State-owned Passenger Rail Agency of South Africa (Prasa) is in the final negotiations with its preferred bidder, the Cabinet-endorsed Gibela Rail Transportation consortium, comprising French multinational Alstom and local engineering company Actom, for the first phase of the R51-billion contract.
Auditing and advisory firm KPMG led the feasibility study and is now the lead financial and commercial adviser for the procurement stage of the contract, as well as the joint lead on the project’s localisation advisory team.
This is according to KPMG head of global infrastructure and projects group DeBuys Scott, who adds that Prasa and the consortium are concluding the financial transaction, whereby Prasa hopes to replace its entire fleet with 7 200 units over two phases within 20 years, at an expected cost of R123-billion.

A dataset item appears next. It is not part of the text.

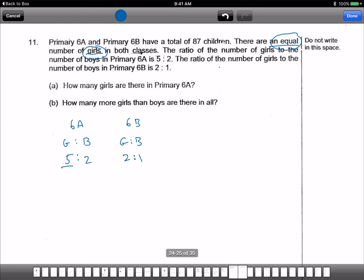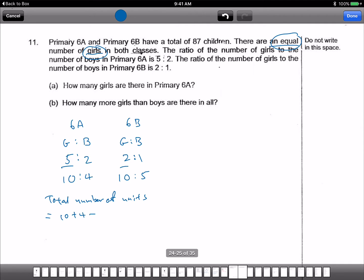So what's the common multiple between 5 and 2? 10. I change the girls to 10. The boys will become 4 for 6A. Now this one changes to 10, boys become 5. Total number of units equals 10 plus 4 plus 10 plus 5 equals 29 units.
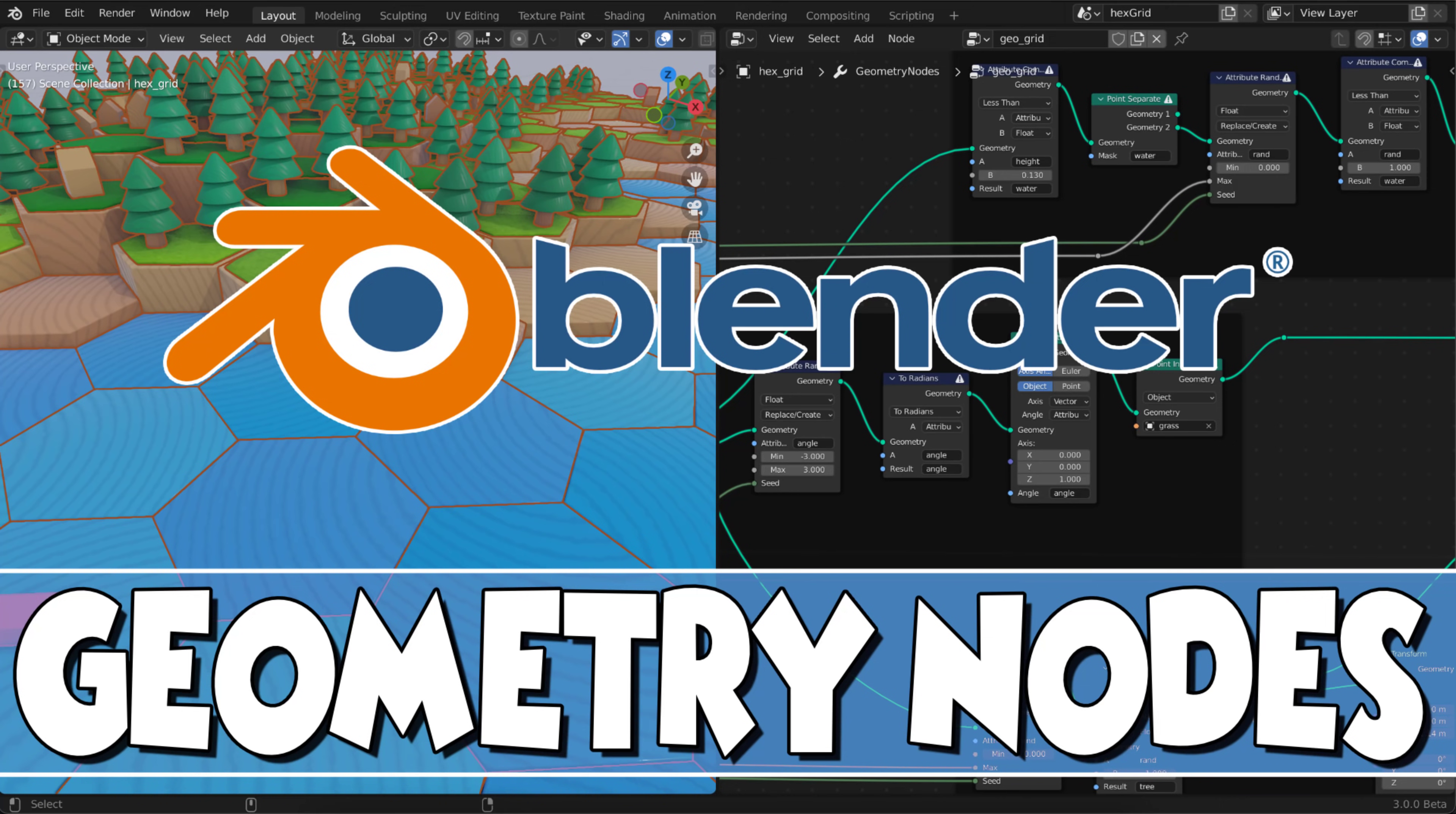Hello ladies and gentlemen, it's Mike here at Game From Scratch and welcome to a Geometry Nodes tutorial. What I aim to do is set out and show you how to use Geometry Nodes in the simplest possible manner.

During the first phase, 3 600 passenger trains will be designed and constructed for Prasa. Phase 1, starting in 2015, will take ten years and the second ten-year phase will begin in 2025.
The rolling stock fleet replacement project marks the first time that an entire stock fleet, in South Africa, is being replaced by new rolling stock. About one-third of the current fleet – more than 5 000 units – cannot be repaired economically.
As part of the contract, the successful bidder will establish and equip a new factory to design and manufacture new rolling stock for Prasa.
Scott estimates that it will take about two years for the factory to be built and expects the first new trains to be completed by the last quarter of 2015.
He says the rolling stock fleet replacement project will break new ground with regard to localisation and industrialisation, as the new factory will enable South Africa to establish a rail industry.
“A rail industry doesn’t exist in the country and, therefore, the monitoring of and ensuring that localisation does take place are vital. That’s why a team was established to advise on the impact of localisation through this project. A total of 65% of the contract must be localised for the duration of the project,” Scott says.
The project will not only employ local people but will also enable South Africa to build and supply its own rolling stock. This will ensure safer rolling stock that is supplied more quickly, Scott adds.
Further, as the biggest economy on the continent, he says, South Africa’s export potential for passenger rail into Africa is huge and, once a rail industry is established, this will improve the manufacturing sector of the country.
Scott believes that it is a positive time in the local transport industry, as different modes of transport are being invested in. “The long-term economical benefits will be great and will, in turn, impact positively on the country’s long-term development.”
South Africa is a developing country and there is development in every sector, which requires investment, he says. Therefore, there needs to be a balance between spending and getting the best value for money, which requires prioritisation on spending.
However, Scott says, through transport projects such as Prasa’s, foreign exchange is brought into the country.
“There are also more international investors entering the South African market, bringing their skills base to the country and transferring these skills to South Africa’s workers. It’s a long-term benefit for us,” Scott states.
Further, he says, while transport projects are not as severely affected by the strikes, stability is needed, as the country’s currency has weakened, which has had a direct impact on the acquisition of the trains for Prasa.